Soon the day came when I bought my first home and even though it certainly was not a mansion by anyone’s standard, the big picture window in the front became the most beautiful glass I had ever seen, especially on a snowy day when I could sit in warmth and look through that piece of glass to the cold outside world.
A few years after moving into that home, we began attending a church that had a massive stained glass window with an incredibly colorful and moving scene within it. Sunday mornings were a real treat for me to hear hymns being sung while I stared at what I would have said was the most beautiful glass in the world.
In the 1980s, I had the opportunity to work with an artist who carved out (by sandblasting a piece of ¾-inch thick glass) the image of a polar bear standing atop an ice flow. The glass sheet was 6 feet wide by10 feet tall. It was carved from the backside and then lit from/through the top edge. It was easily the most beautiful singular piece of glass I had ever seen.

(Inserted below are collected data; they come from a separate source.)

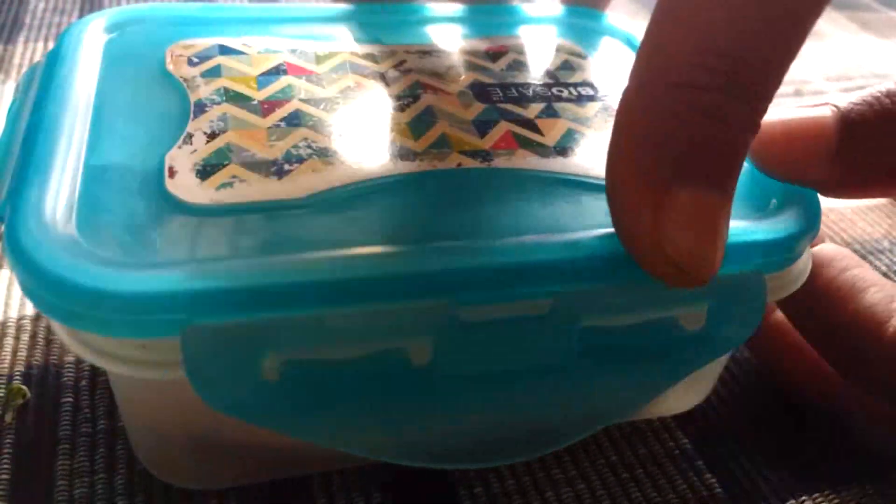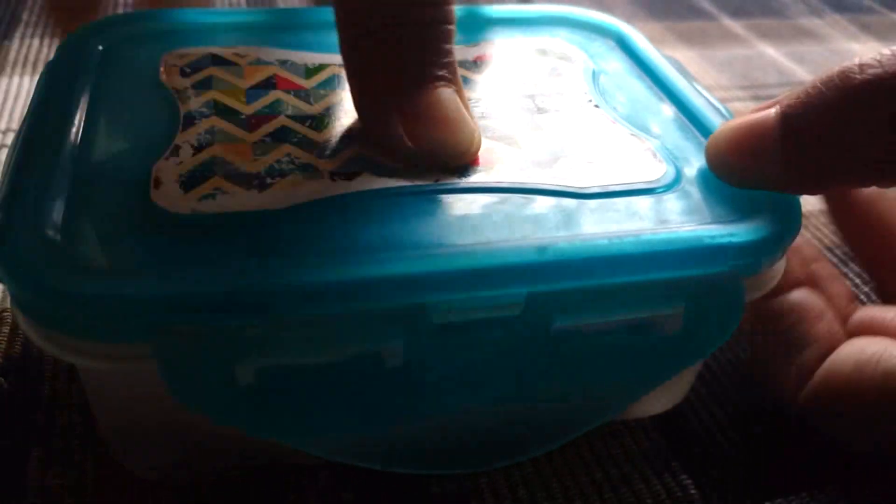Close the container well and keep it in the refrigerator. The coriander leaves will stay fresh for a few days.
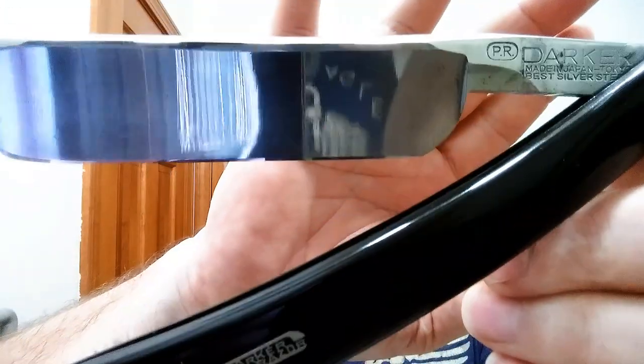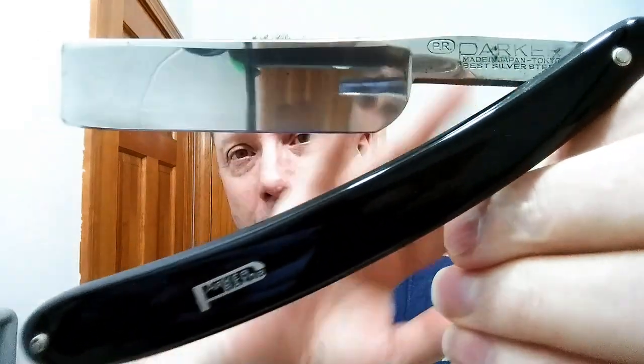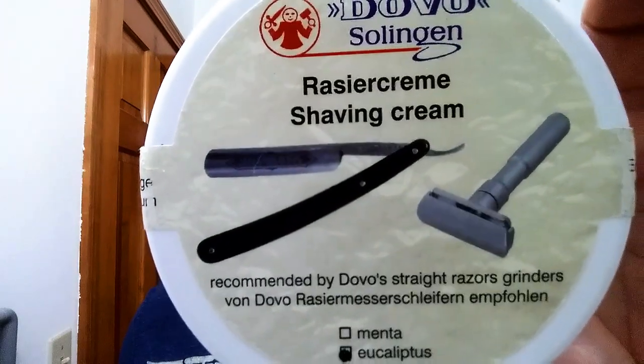We are going to be shaving with my Parker — this is the best silver steel — just a fantastic razor. This is also sweetie steel, quarter hollow, and just absolutely beautiful. For soap tonight we're using Dovo, this is the riser cream and it is eucalyptus, which is always good. And we're using my Omega 10098 — nice brush — that thing can make a lather. I've had this soap blooming so we're going to put that on as a pre-shave as well.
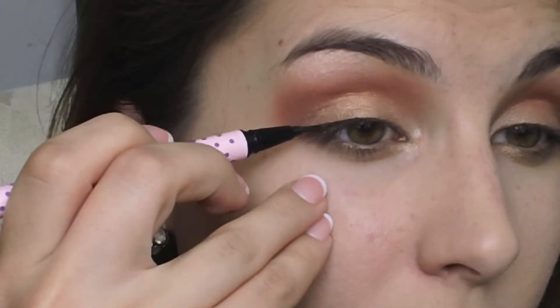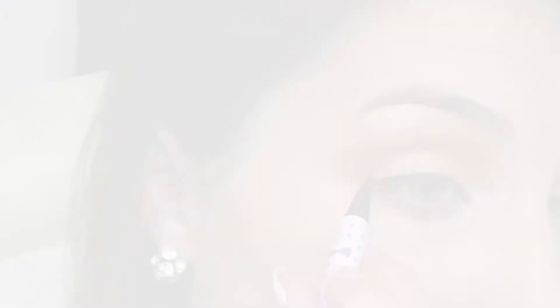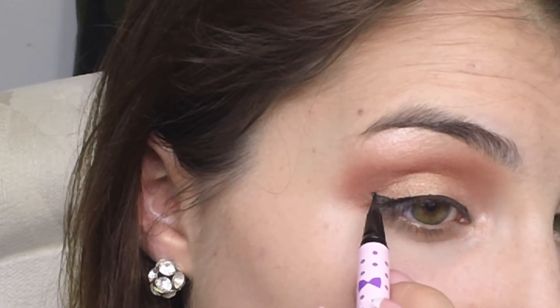Now it's time to define the eyes a little bit, because this can look a little sickly if you don't give them some definition. For that, I'm using my Dolly Wink Liquid Liner. I'm finishing off with Too Faced Lashgasm mascara and black eyeliner on my lower waterline — this is Physicians Formula Custom Eye Enhancing Eyeliner Trio Liner from the Green Liner Trio.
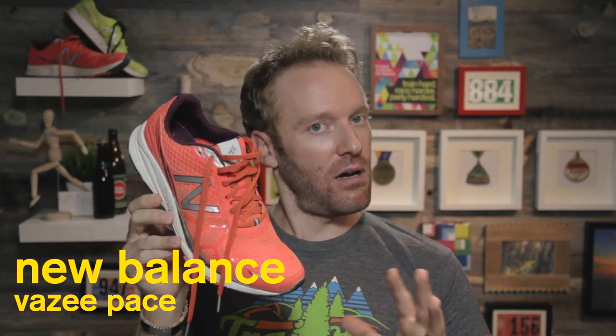The review you are currently watching is for the New Balance Vazi Pace. It is not the only shoe I'm reviewing today. You can also check out my Fresh Foam Zante review, which surprised me. The link for that review is in the description, so you can check that out or stay and watch this one.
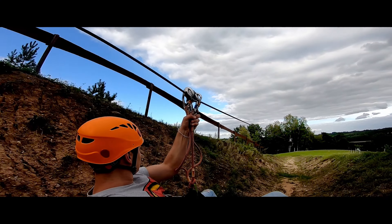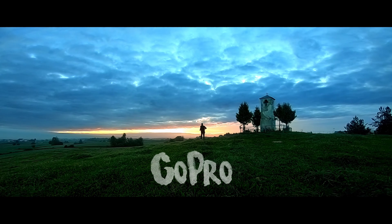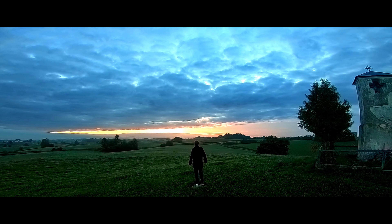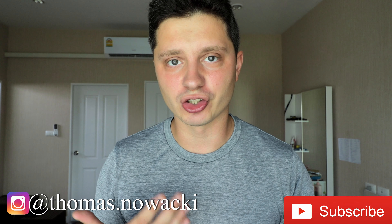Hey guys, if you spend a lot of time underwater or near the water with your GoPro, then in this video I'm going to compare GoPro Hero 8 Black with Hero 7 and Hero 6. So what we're gonna compare is the video quality and the photos. If you are new to this channel, my name is Tomas Nowacki — subscribe to my channel if you are interested in GoPro.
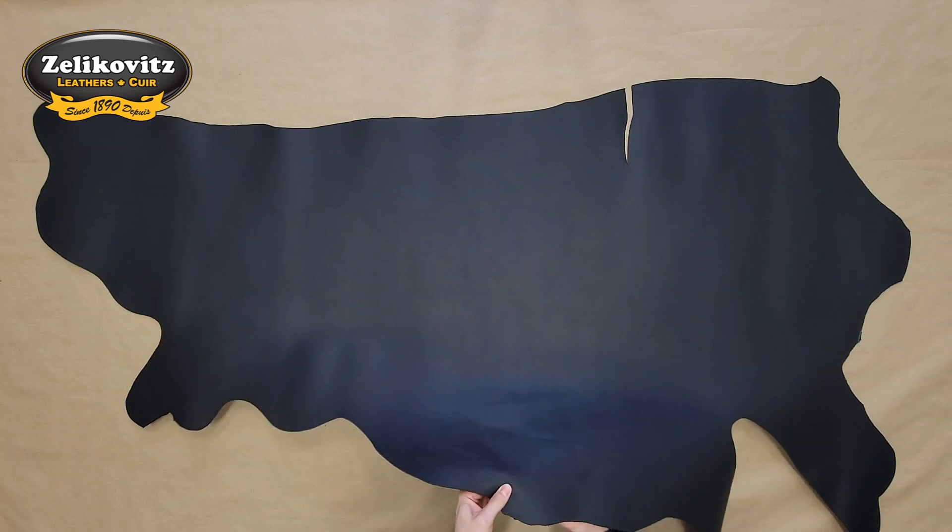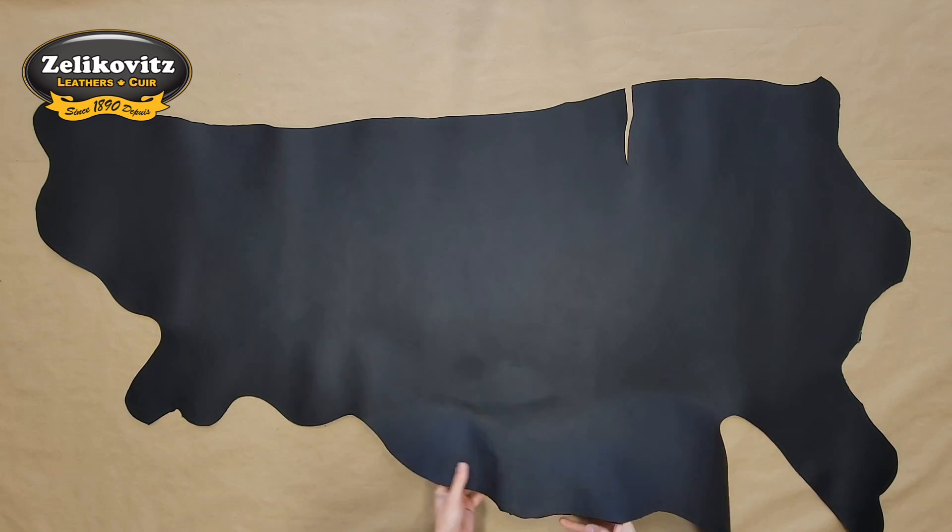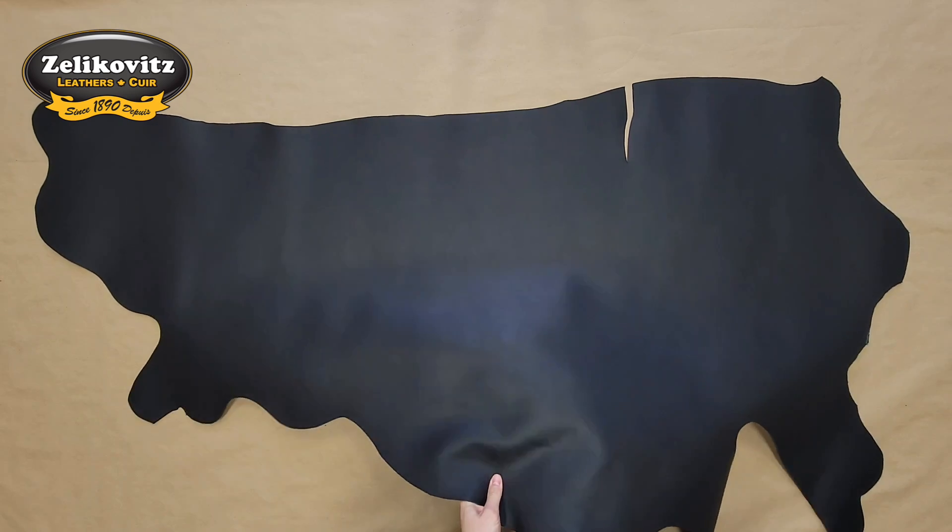This is an oiled leather as mentioned, so it does have a little bit of oiliness to it, though not very oily to the touch. It has good flexibility and durability as well.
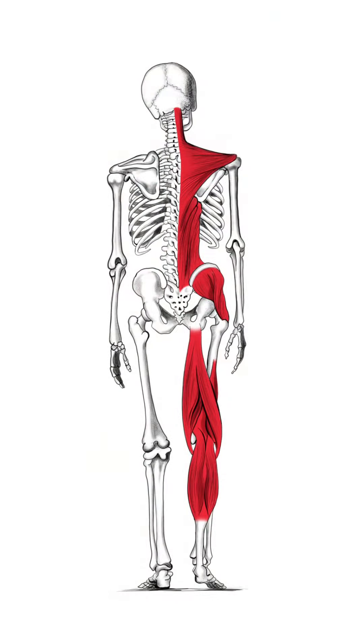The supine leg length check looks for a disparity caused by abnormal muscle tension that runs down one side of the body, functionally pulling one leg shorter than the other. It's not that one leg is actually shorter, but that the body is pulling one leg short. And while this technique looks simple, it's actually very meticulous and doctors train to do this leg length check correctly.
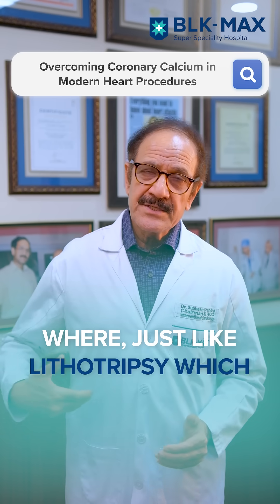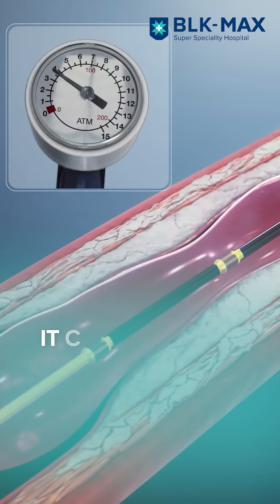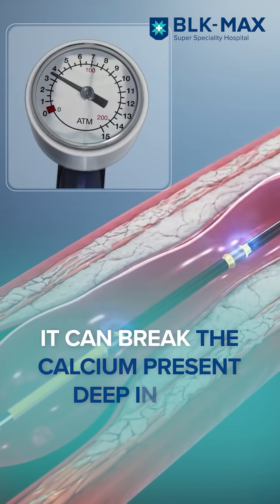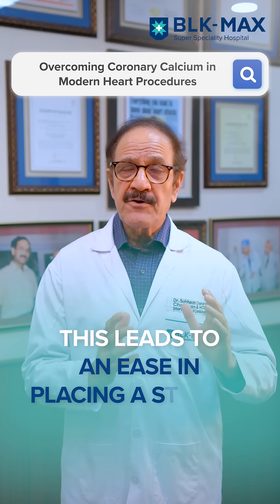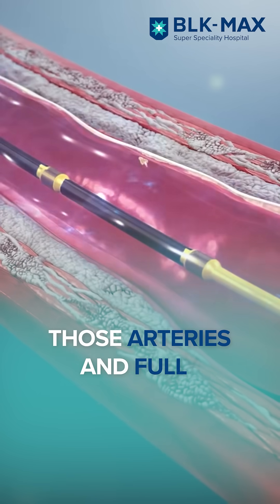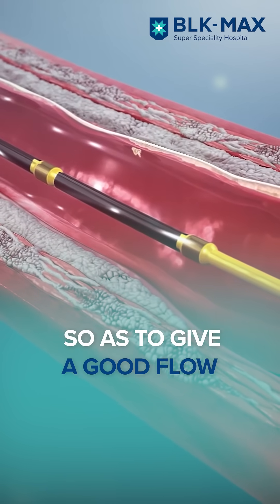The other option would be IVL, or intravascular lithotripsy, which — just like lithotripsy that breaks stones in the kidneys — can break the calcium present in the wall of the artery, deep inside the wall. This leads to an ease of putting a stent in those arteries and fully expanding it, so as to give nice flow to the muscle of the heart.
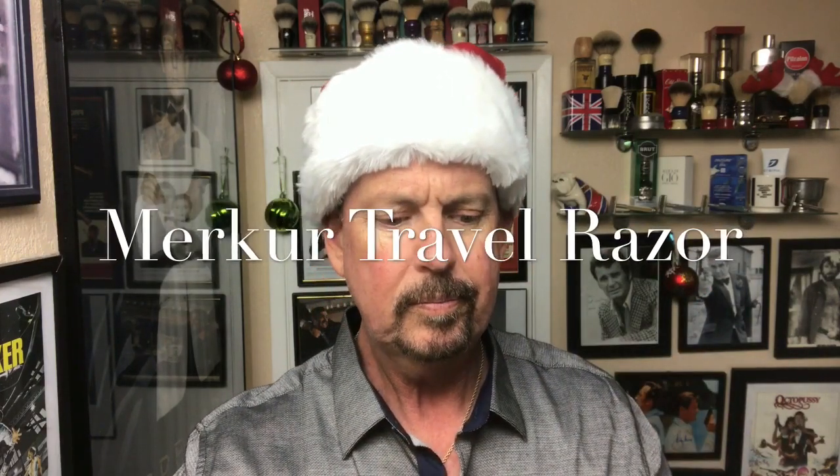What my wife got me for Christmas - since I forgot my travel kit when I went to Texas last month and didn't have a razor with me - she said, you're not going to forget one again. So she got me a cool Merkur travel razor. It comes in a cool little case, it's a three-piece. Voila, it looks real nice. So I'm going to be using this today.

Not too many years ago I was involved with building the glass observation boxes anchored to the west side of Willis Tower in Chicago, some 1,000-plus feet above the ground. On a clear night the view through those pieces of glass is spectacular and overwhelming. One of the most beautiful views I have ever seen.
On a number of occasions I’ve had the good fortune of sitting in the window seat on an airplane and when the weather cooperates, I get an absolute thrill looking out of that window and getting to see sites such as the mountains, shorelines and, on a couple of occasions, the Statue of Liberty. In those moments, the most beautiful piece of glass in the world to me is that airplane window.
And as I type this response to you, I glanced over to my office wall where a framed picture of my three amazing children and nine incredibly wonderful grandchildren hangs. Perhaps that piece of glass that I look through to see them is the most beautiful piece of glass in the world.
Maybe by now you’re getting the idea of what I’m attempting to say. Glass is such an important part of our everyday world that, depending on what we are looking at or through, glass becomes a part of the experience in one way or another. Glass provides all of us with a true window to our world. I’m guessing that I’ve not done a very good job answering your question, but if I could sum it up in just one sentence it would be this: As with most things in life, the beauty in a piece of glass is in the eyes of the beholder. I encourage you to enjoy the view.
-Glass Detective
Lyle R. Hill is the managing director of Keytech North America, a company providing research and technical services for the glass and metal industry. He also serves as president of Glass.com, an information portal and job generation company for the glass industry. Hill has more than 50 years’ experience in the glass and metal industry and can be reached at lhill@glass.com.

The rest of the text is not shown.